Friday, December 11, 2015

From AngryRenter to SFBARF: Co-opting Tenants for Political Gain

From AngryRenter to SFBARF: Co-opting Tenants for Political Gain
The so-called San Francisco Bay Area Renters’ Federation (“SFBARF”) takes money from the real estate industry and mobilizes against renter protection legislation and pro-tenant candidates. The group’s leader has even spoken out against inclusionary housing laws. Despite its name, the group does nothing to assist renters.
Front groups claiming to speak for tenants are nothing new. In 2008, with the housing market falling off a cliff, calls for the government to provide relief to homeowners facing foreclosure were on the rise. Republican Dick Armey sprung to action with a fake renter group called “AngryRenter.com.” Michael Phillips of the Wall Street Journal covered the story: “Though it purports to be a spontaneous uprising, AngryRenter.com is actually a product of an inside-the-Beltway conservative advocacy organization led by Dick Armey, the former House majority leader, and publishing magnate Steve Forbes, a fellow Republican. It’s a fake grass-roots effort — what politicos call an AstroTurf campaign — that provides a window into the sleight-of-hand ways of Washington.”
The idea of AngryRenter.com was to defeat a so-called homeowner bailout by pretending that renters opposed it. Armey even got some renters on board through the grassroots-looking website. But the agenda was not to help renters in any way.
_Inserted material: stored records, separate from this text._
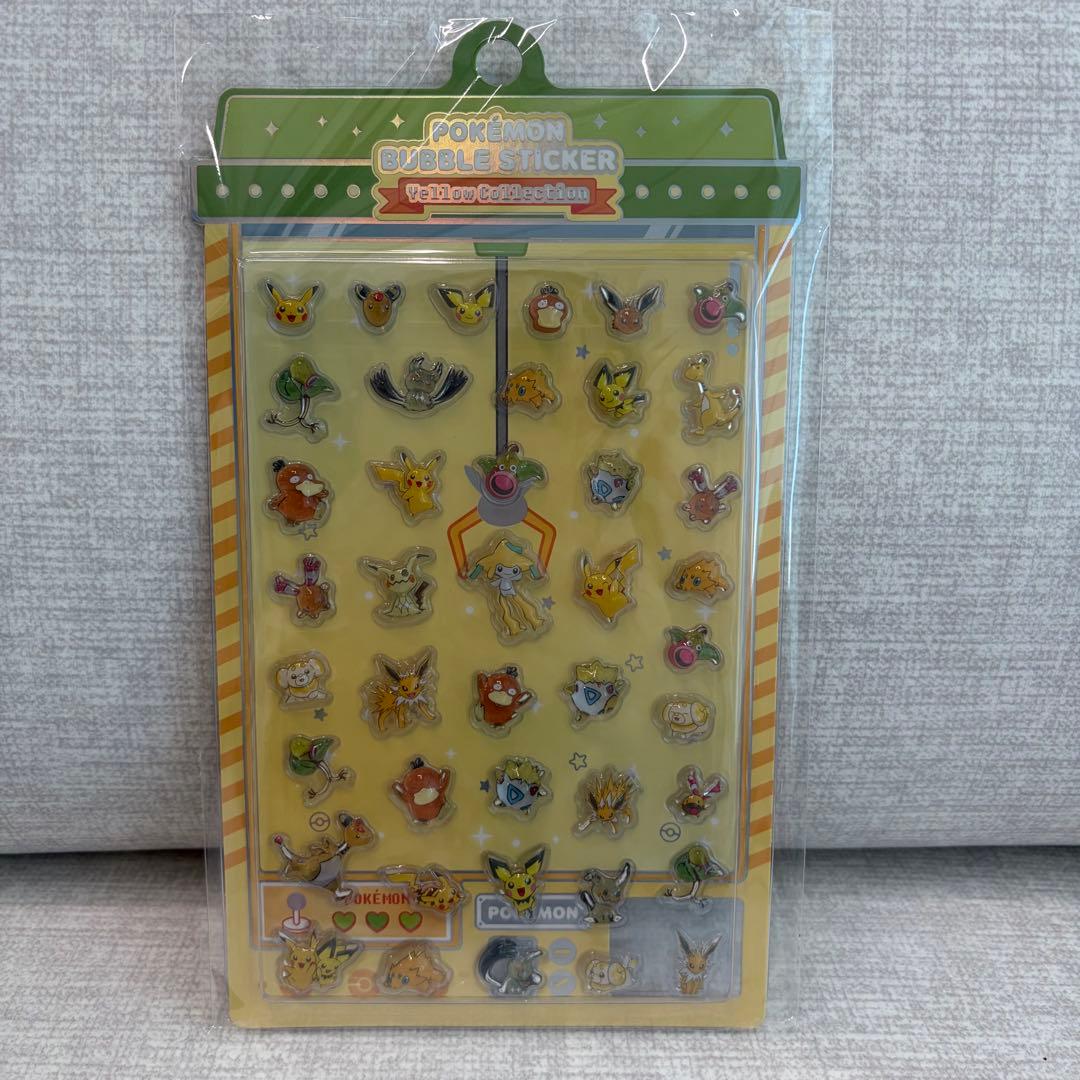 韓国限定】ポケモン バブルステッカー 8種コンプリートセット② - メルカリ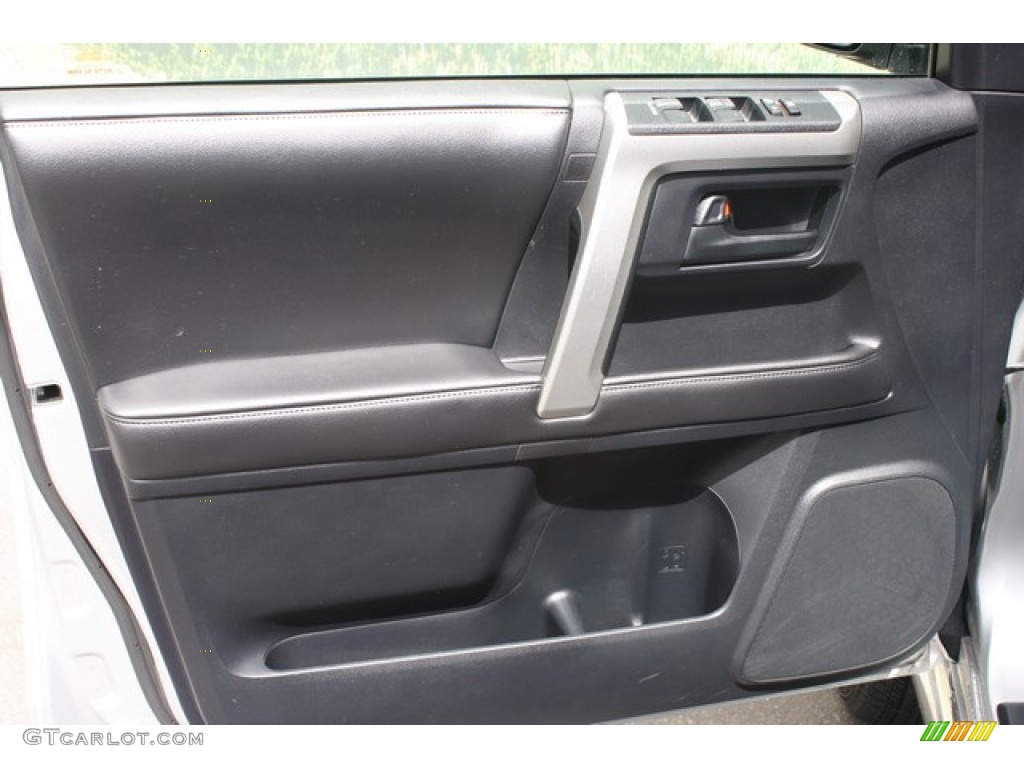 2010 4Runner Limited 4x4 - Classic Silver Metallic / Graphite photo #21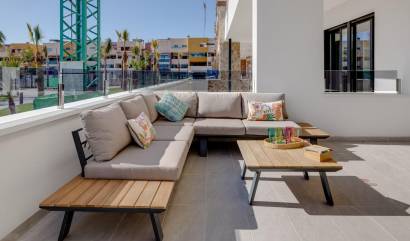 Nueva construcción  - Apartment - Orihuela Costa - Playa Flamenca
It was to kill homeowner relief.
In some ways, SFBARF is worse than AngryRenter.com. At least AngryRenter tapped into a real sentiment among renters that government policy favors homeowners over renters. In contrast, not many renters support SFBARF’s increasingly bizarre anti-renter, anti-affordable housing positions.
SFBARF is best understood by following the money. A political group with the word “renters” in the name, SFBARF provides a vehicle for real estate interests to pose as renter-friendly and fund candidates and legislation that undermine renters. SFBARF’s founder recently stated (as reported in the SF Examiner and in an online forum) that “SFBARF’s goals are simply aligned with those who have money.”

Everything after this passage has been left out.